The format was pretty much as one might have expected: Albert and his band – in this case Andy Fairweather's Low Riders– welcoming stars on stage to join Albert for a couple of songs and then moving on to be replaced by the next. The whole evening was compered by Mike Read and in between they showed video greetings from the likes og Eric Clapton, Joe Bonamassa, Emmylou Harris and many others. The capacity crowd were kept entertained for nearly three hours of superb music and the sound was as good as I had ever heard at the Cadogan Hall. All in all a great night.

Of the stars who performed with Albert they cut across virtually all sides of Blues, Country, rock and roll and the like with names such as Gary (US) Bonds followed by Chris Farlowe and the Shadows taking to the stage and showing Lee’s versatility and virtuosity.
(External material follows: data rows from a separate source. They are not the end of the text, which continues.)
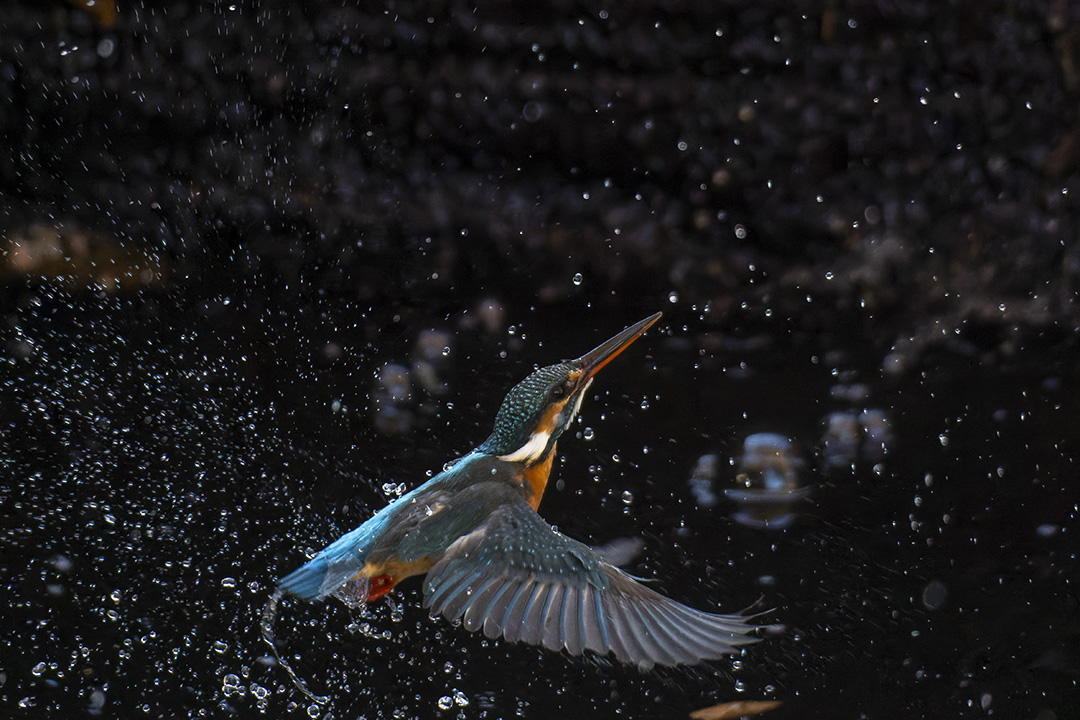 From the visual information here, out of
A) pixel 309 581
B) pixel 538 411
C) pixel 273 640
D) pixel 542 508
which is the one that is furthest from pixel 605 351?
pixel 273 640

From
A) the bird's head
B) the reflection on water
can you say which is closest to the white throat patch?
the bird's head

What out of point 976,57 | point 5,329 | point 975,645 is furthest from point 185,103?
point 975,645

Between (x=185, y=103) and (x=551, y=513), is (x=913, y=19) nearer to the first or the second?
Result: (x=551, y=513)

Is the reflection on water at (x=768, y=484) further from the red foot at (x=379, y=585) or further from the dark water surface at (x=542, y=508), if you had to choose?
the red foot at (x=379, y=585)

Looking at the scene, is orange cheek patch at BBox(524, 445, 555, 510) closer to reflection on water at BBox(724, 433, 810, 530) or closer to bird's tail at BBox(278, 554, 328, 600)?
bird's tail at BBox(278, 554, 328, 600)

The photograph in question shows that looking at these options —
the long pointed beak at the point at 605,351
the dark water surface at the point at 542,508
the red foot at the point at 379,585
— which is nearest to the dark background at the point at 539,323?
the dark water surface at the point at 542,508

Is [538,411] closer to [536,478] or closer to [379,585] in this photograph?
[536,478]

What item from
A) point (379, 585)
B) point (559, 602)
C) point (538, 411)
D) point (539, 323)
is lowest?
point (559, 602)

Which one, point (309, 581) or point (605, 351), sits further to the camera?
point (605, 351) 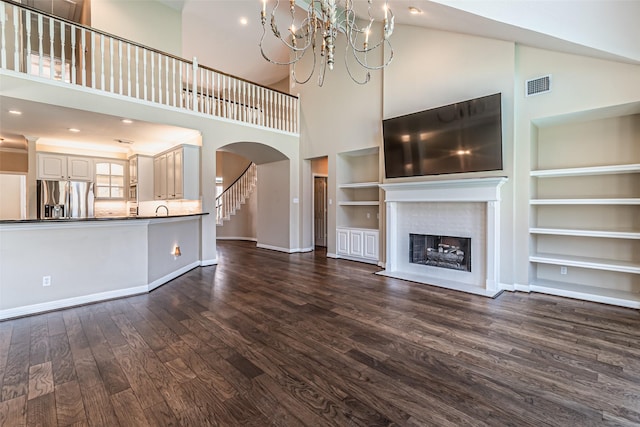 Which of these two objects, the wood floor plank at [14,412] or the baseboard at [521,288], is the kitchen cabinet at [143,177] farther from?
the baseboard at [521,288]

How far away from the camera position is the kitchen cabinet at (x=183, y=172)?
5.72 m

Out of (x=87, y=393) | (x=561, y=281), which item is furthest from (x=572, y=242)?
(x=87, y=393)

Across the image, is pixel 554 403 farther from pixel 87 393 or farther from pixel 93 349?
pixel 93 349

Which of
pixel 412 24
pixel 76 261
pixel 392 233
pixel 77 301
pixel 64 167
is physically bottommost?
pixel 77 301

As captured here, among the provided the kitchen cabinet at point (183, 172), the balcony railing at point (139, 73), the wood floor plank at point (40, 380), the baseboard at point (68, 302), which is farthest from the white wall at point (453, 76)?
the wood floor plank at point (40, 380)

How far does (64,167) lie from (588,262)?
9.83 metres

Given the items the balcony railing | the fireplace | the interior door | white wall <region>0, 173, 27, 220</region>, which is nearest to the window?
white wall <region>0, 173, 27, 220</region>

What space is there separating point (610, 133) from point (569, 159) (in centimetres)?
50

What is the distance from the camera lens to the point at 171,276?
471cm

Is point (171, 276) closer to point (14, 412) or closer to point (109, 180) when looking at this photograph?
point (14, 412)

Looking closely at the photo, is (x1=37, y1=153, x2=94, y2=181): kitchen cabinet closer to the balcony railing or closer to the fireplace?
the balcony railing

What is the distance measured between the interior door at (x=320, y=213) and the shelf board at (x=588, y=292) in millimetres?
5291

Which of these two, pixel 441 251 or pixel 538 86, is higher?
pixel 538 86

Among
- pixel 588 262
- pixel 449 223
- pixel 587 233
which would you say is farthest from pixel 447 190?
pixel 588 262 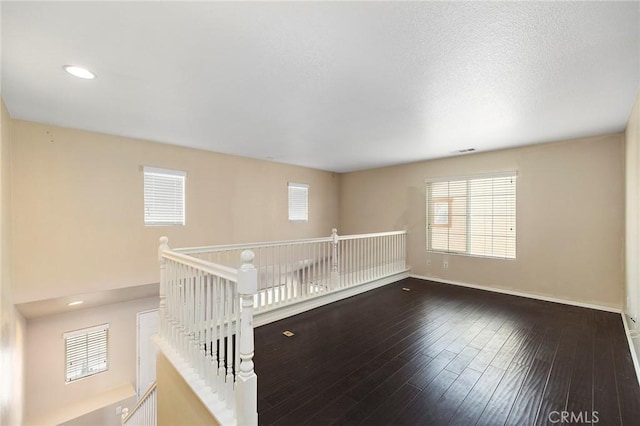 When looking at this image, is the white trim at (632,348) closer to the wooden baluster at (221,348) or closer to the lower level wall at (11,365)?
the wooden baluster at (221,348)

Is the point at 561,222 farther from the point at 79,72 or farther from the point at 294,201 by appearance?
the point at 79,72

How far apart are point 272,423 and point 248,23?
8.43 ft

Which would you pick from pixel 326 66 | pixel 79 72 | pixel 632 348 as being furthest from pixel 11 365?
pixel 632 348

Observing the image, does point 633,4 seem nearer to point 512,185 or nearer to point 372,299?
point 512,185

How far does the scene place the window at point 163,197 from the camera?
4.14m

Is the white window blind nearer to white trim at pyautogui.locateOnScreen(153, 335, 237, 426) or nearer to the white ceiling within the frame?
the white ceiling

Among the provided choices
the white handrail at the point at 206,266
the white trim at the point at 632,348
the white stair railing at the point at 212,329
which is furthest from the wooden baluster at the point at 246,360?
the white trim at the point at 632,348

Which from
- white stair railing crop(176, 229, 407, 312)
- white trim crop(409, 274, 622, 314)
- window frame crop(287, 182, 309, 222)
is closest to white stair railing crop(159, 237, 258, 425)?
white stair railing crop(176, 229, 407, 312)

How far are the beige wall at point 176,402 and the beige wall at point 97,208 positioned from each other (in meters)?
1.86

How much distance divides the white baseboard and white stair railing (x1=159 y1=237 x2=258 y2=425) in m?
0.98

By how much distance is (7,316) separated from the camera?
111 inches

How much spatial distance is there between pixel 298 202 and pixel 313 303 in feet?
9.68

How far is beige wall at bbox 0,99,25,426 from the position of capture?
2.64 metres

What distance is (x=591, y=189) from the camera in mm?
3818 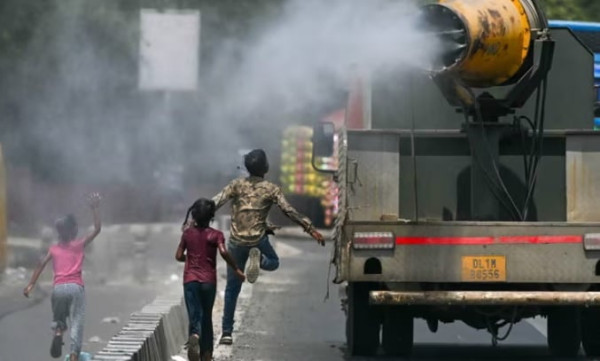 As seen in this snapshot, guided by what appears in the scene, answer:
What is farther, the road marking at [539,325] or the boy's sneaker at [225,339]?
the road marking at [539,325]

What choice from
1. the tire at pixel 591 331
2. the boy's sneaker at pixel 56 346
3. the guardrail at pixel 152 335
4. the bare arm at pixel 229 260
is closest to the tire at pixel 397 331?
the bare arm at pixel 229 260

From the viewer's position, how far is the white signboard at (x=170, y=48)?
56.4 feet

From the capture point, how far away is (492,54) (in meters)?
10.4

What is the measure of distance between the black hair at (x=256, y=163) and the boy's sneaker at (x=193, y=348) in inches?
74.2

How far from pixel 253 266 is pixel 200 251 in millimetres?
882

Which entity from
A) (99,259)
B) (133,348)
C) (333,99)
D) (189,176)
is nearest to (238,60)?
(333,99)

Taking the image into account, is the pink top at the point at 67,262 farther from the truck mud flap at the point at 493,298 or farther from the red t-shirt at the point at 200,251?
the truck mud flap at the point at 493,298

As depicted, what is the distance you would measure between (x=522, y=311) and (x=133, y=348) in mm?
3445

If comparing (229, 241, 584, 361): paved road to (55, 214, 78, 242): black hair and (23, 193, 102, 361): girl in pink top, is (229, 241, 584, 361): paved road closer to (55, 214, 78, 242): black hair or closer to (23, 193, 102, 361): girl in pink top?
(23, 193, 102, 361): girl in pink top

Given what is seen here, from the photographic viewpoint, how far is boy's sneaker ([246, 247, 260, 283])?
1095cm

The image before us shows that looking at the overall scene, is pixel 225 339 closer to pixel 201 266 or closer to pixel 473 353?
pixel 201 266

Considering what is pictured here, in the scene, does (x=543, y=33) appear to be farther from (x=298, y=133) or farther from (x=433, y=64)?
(x=298, y=133)

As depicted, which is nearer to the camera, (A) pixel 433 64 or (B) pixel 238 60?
(A) pixel 433 64

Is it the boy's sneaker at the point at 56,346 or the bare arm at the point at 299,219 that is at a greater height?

He played with the original Drifters (later renamed as the Shadows) before Cliff came along and worked with Farlowe and the Thunderbirds in the sixties, leaving in 1968. Shaking Stevens was brought on for a couple of numbers and showed that he actually can sing apart from his ‘pop’ material.
Joe Brown came on allowing Albert to show off his mandolin skills and Marty Wilde brought both his daughters on to sing a couple of rock and roll classics before Chas and Dave played a few of their greatest hits and had the audience rocking along with them (Albert played with Chas Hodges in Heads, Hands & Feet in the early seventies). One of the highlights of the evening was Bill Wyman coming on for a couple of numbers – Lee had been a member of Bill Wyman’s Rhythm Kings from the start.

As befits a man who played as the ‘Third Everly’ for over twenty years after organising the Everly Brothers reunion show in 1983 there were plenty of Everly Brothers songs scattered around the acts, all familiar and sounding surprisingly fresh.

Albert performed with his daughter, with his son and finally with his band for the last half an hour and there wasn’t a moment when you wondered what all the fuss was about – the man has been a true legend for many years and the love shown by his fellow performers only matched the response from his fans. A terrific evening and a celebration of one of rock’s nice guys.